Por Silvia Rubio Taberné

@Silvia84

Cuando digo feminismo, cuando digo libertad, me refiero a vivir sin que me releguen a un segundo plano, sin que mi existencia, mi opinión, mi placer y mi dolor valgan menos que la existencia, la opinión, el placer y el dolor de mis hermanos hombres.

Najat el Hachmi

“Cuando digo feminismo, cuando digo libertad, me refiero a vivir sin que me releguen a un segundo plano, sin que mi existencia, mi opinión, mi placer y mi dolor valgan menos que la existencia, la opinión, el placer y el dolor de mis hermanos hombres”. Con estas palabras comienza el alegato de Siempre han hablado por nosotras, unas palabras que de lógicas, en esta época de posverdad, se les buscan dobles sentidos y mil ‘peros’, más si quien las escribe es una hija de emigrantes marroquíes.

Najat El Hachmi se aleja de la literatura a la que nos tenía acostumbradas a sus lectoras para escribir este breve ensayo sencillo, directo… muy directo, un bofetón, en realidad. Siempre han hablado por nosotras sigue la estela de otras grandes feministas como Huda Shaarawi, Nawal el Saadawi, Wassyla Tamzali o Mona Eltahawy, pero también de Rosa Luxemburgo o Mary Wollstonecraft. Su feminismo es universal y sus influencias no se cierran a fronteras de ningún tipo: la búsqueda de la igualdad es la misma para una mujer en España o en Marruecos.

Su feminismo es universal y sus influencias no se cierran a fronteras de ningún tipo: la búsqueda de la igualdad es la misma para una mujer en España o en Marruecos.

La diferencia principal con todas ellas es que El Hachmi parte de su propia vivencia para interpelar a las mujeres de familias emigradas en Europa, así como a las nuevas conversas a las que recomiendo una lectura sincera y sosegada para contestar a las preguntas que plantea el libro. De todos los temas tratados, caben destacar algunos puntos, trending topic últimamente. 

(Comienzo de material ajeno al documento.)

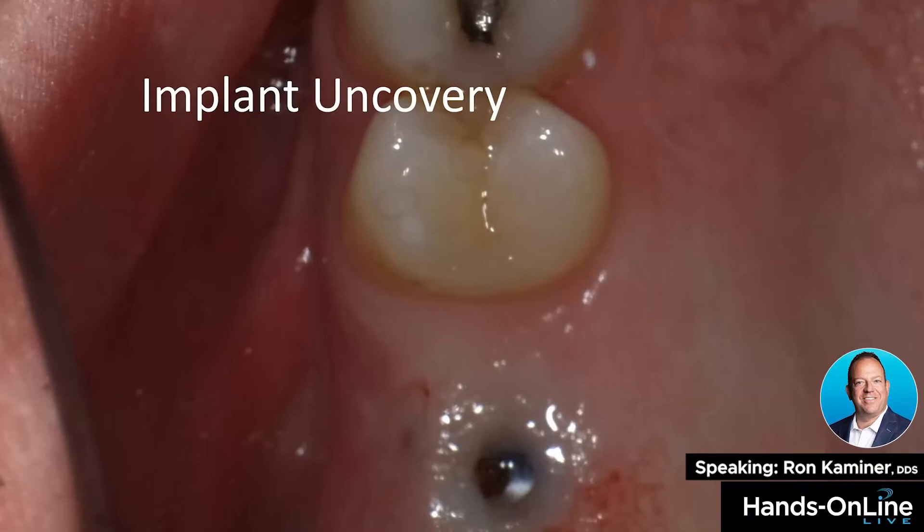Diode lasers are indispensable when uncovering implants because they're not absorbed by metal. You can literally touch the healing screw, the healing abutment, or any abutment and you won't have any damage.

La autora dedica capítulos al llamado feminismo islámico y, enlazado a ello, la crítica de moda del colonialismo blanco, a saber, “las blancas te dicen como pensar”. Hachmi no se anda con rodeos: “Según esta corriente, hay un feminismo llamado blanco occidental, que más que una propuesta de emancipación es un instrumento de dominación colonial. Tras años de lucha contra el racismo biologicista que sentó las bases de las diferencias raciales, resulta que ahora se nos vuelve a colocar en compartimentos separados por vía del activismo anticolonial: si eres negra aquí; si eres musulmana, para allá; si eres blanca más vale que te calles porque eres una privilegiada”.

Si a este racismo subyacente que niega un feminismo sin adjetivos le añadimos una mirada estanca y plana del mundo árabe, nos podemos preguntar dónde encajan todas aquellas mujeres musulmanas cuya fe no concuerda con los planteamientos de las llamadas feministas islámicas o de aquellas que han decidido que su vida no gire alrededor del islam o de la manipulación de un patriarcado que se autodefine como feminista… siempre y cuando no saques los pies de su tiesto.

¿Por qué somos capaces de plantear dudas, de hablar sin tapujos, sobre el catolicismo y nos mostramos acríticos contra el islam (o el judaísmo)?

Pero también es una interpelación a los que no somos musulmanes, a esos europeos de extrema derecha a la que le importa un comino la situación de estas mujeres con tal de crear odio y ganar votos. Y de esa izquierda que en nombre de la relatividad cultural caen en la condescendencia, cuando no en el cinismo. ¿Por qué somos capaces de plantear dudas, de hablar sin tapujos, sobre el catolicismo y nos mostramos acríticos contra el islam (o el judaísmo)?

Quien espere en esta obra un alegato violento para arrancar velos o quemar textos sagrados por las calles se equivoca. Lea el libro. En él hay hueco para hablar de la correcta moral de una “religión feminista” cuyos creyentes a la mínima juzgan a las mujeres como caramelos. Se dirige también a aquellas jóvenes que tienen que llevar el peso de ser estandarte de una religión y hacer lucha de dos causas que son diferentes: el racismo y el machismo; toca el velo, toca la confusión entre identidad y ciertas lecturas religiosas, toca la tradición, toca el buenismo cobarde de unos y la manipulación que genera odio por otros, y toca las narices a los que en algún momento nos vemos reflejadas en sus páginas. Porque reconozco que yo también no he preguntado por temor a ofender. Este libro es una invitación a la reflexión en tiempo de eslóganes vacíos. Y se agradece.